Department of Clinical Radiology, Ioannina University Hospital, Ioannina, Greece.
Department of Medical Imaging, Metaxa Anticancer Hospital, Athens, Greece.
Acta Radiol. 2021 Dec;62(12):1601-1609. doi: 10.1177/0284185120973630. Epub 2020 Nov 17.
Cardiomegaly is a relatively common incidental finding on chest X-rays; if left untreated, it can result in significant complications. Using Artificial Intelligence for diagnosing cardiomegaly could be beneficial, as this pathology may be underreported, or overlooked, especially in busy or under-staffed settings.
To explore the feasibility of applying four different transfer learning methods to identify the presence of cardiomegaly in chest X-rays and to compare their diagnostic performance using the radiologists' report as the gold standard.

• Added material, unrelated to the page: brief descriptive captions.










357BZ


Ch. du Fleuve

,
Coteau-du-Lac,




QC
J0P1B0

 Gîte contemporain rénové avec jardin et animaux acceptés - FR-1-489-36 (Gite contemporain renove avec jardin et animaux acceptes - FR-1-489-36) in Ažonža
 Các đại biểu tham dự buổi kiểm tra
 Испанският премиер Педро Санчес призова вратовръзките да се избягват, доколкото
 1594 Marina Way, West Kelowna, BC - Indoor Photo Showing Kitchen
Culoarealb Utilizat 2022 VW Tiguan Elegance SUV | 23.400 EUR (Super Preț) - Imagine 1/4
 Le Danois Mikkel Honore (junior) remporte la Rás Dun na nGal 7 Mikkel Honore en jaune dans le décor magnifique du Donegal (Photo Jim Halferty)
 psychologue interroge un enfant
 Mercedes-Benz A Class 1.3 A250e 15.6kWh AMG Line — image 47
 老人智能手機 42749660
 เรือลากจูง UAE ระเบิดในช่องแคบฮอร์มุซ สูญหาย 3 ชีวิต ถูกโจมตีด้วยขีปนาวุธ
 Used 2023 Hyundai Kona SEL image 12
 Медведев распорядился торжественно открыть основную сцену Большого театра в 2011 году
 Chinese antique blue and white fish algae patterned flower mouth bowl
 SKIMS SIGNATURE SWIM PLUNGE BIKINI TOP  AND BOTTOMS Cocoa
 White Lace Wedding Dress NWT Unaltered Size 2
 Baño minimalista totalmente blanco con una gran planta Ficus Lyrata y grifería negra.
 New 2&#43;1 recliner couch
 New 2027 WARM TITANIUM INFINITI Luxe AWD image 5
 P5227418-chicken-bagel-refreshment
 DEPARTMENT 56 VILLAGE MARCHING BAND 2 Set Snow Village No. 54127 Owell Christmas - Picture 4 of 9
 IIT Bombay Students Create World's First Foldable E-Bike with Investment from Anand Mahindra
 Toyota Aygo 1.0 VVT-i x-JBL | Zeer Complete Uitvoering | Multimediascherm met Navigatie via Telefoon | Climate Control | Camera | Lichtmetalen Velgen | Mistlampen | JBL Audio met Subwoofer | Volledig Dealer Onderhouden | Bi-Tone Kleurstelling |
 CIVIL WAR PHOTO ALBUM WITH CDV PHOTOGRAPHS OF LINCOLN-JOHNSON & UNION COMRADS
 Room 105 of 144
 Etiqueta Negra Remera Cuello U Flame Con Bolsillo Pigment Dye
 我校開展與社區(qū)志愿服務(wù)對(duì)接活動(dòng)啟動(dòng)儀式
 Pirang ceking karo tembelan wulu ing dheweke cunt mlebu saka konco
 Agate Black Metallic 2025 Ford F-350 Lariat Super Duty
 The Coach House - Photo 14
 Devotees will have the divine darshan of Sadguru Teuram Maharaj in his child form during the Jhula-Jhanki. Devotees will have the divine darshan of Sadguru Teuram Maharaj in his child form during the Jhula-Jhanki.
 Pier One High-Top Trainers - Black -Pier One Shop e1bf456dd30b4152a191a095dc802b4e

Two thousand chest X-rays were utilized in the current study: 1000 were normal and 1000 had confirmed cardiomegaly. Of these exams, 80% were used for training and 20% as a holdout test dataset. A total of 2048 deep features were extracted using Google's Inception V3, VGG16, VGG19, and SqueezeNet networks. A logistic regression algorithm optimized in regularization terms was used to classify chest X-rays into those with presence or absence of cardiomegaly.
Diagnostic accuracy is reported by means of sensitivity, specificity, positive predictive value (PPV), and negative predictive value (NPV), with the VGG19 network providing the best values of sensitivity (84%), specificity (83%), PPV (83%), NPV (84%), and overall accuracy (84,5%). The other networks presented sensitivity at 64.1%-82%, specificity at 77.1%-81.1%, PPV at 74%-81.4%, NPV at 68%-82%, and overall accuracy at 71%-81.3%.
Deep learning using transfer learning methods based on VGG19 network can be used for the automatic detection of cardiomegaly on chest X-ray images. However, further validation and training of each method is required before application to clinical cases.
心脏增大是胸部 X 光片上常见的偶然发现,如果不加以治疗,可能会导致严重的并发症。使用人工智能诊断心脏增大可能是有益的,因为这种病理可能报告不足或被忽视,特别是在繁忙或人手不足的情况下。
探索应用四种不同的迁移学习方法来识别胸部 X 光片中是否存在心脏增大,并比较使用放射科医生报告作为金标准的诊断性能。
本研究共使用了 2000 张胸部 X 光片:1000 张正常,1000 张确认心脏增大。这些检查中,80%用于训练,20%作为保留测试数据集。使用 Google 的 Inception V3、VGG16、VGG19 和 SqueezeNet 网络提取了 2048 个深度特征。使用正则化项优化的逻辑回归算法对胸部 X 光片进行分类,分为存在或不存在心脏增大。
以敏感性、特异性、阳性预测值(PPV)和阴性预测值(NPV)报告诊断准确性,VGG19 网络提供了最佳的敏感性(84%)、特异性(83%)、PPV(83%)、NPV(84%)和总体准确性(84.5%)值。其他网络的敏感性为 64.1%-82%,特异性为 77.1%-81.1%,PPV 为 74%-81.4%,NPV 为 68%-82%,总体准确性为 71%-81.3%。
基于 VGG19 网络的迁移学习方法的深度学习可用于自动检测胸部 X 光片中的心脏增大。然而,在应用于临床病例之前,需要对每种方法进行进一步的验证和培训。